I can make some notes into the guidelines and make a pull request.
That would be great. Part of features being 'experimental' is that we don't have as much documentation and perhaps limited error handling, so contributions to either are appreciated (here and/or in the external vocab repo).
Waiting on user to make a pull request
@transfluxus Do you have an update on this?
Regarding the documentation, I think it makes sense to copy some parts of: https://github.com/gdcc/dataverse-external-vocab-support/tree/main/docs into the readme of the repo or maybe even into the main doc. and I hope I can get to it, after our meeting.

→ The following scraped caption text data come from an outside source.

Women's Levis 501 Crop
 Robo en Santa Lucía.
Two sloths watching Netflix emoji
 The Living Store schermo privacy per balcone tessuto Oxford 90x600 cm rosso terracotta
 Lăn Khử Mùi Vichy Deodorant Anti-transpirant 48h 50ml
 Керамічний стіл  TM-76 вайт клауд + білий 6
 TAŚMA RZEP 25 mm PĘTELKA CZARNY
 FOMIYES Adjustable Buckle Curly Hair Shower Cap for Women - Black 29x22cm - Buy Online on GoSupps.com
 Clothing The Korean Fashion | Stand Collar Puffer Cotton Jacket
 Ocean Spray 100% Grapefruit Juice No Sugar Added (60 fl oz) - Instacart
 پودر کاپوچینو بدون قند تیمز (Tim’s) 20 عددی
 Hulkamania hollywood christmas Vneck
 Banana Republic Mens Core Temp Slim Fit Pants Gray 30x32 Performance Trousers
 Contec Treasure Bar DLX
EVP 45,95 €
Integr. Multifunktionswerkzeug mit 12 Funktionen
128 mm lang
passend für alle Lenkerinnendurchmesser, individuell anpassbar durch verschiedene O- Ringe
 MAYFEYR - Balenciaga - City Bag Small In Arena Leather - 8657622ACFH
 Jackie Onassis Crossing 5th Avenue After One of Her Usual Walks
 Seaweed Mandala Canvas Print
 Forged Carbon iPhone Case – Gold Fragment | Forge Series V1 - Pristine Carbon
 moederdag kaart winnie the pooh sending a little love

Regarding the implementation, I found this todo in the code: https://github.com/IQSS/dataverse/blob/dddcf29188a5c35174f3c94ffc1c4cb1d7fc0552/src/main/java/edu/harvard/iq/dataverse/DatasetFieldServiceBean.java#L281
I guess it would be sufficient to validate each JsonObject jo against the object schema, not the whole array, to filter out individual, invalid cvoc specifications, but that would require adding another validator library as dependency to the project, since I haven't identified any yet in the pom file.
2024/07/10
- What are next steps, folks? @transfluxus @pdurbin @sbarbosadataverse
@cmbz I believe the next step is for @transfluxus to make a pull request (anything you come up with is fine, really!) I don't think we need to heavily track this effort. We can probably remove it from the main board (34) and just look at the pull request whenever it comes in. No rush, that is. @cmbz @sbarbosadataverse what do you think?
@pdurbin sounds good! @transfluxus Please give us a heads up when you create the pull request. Thanks!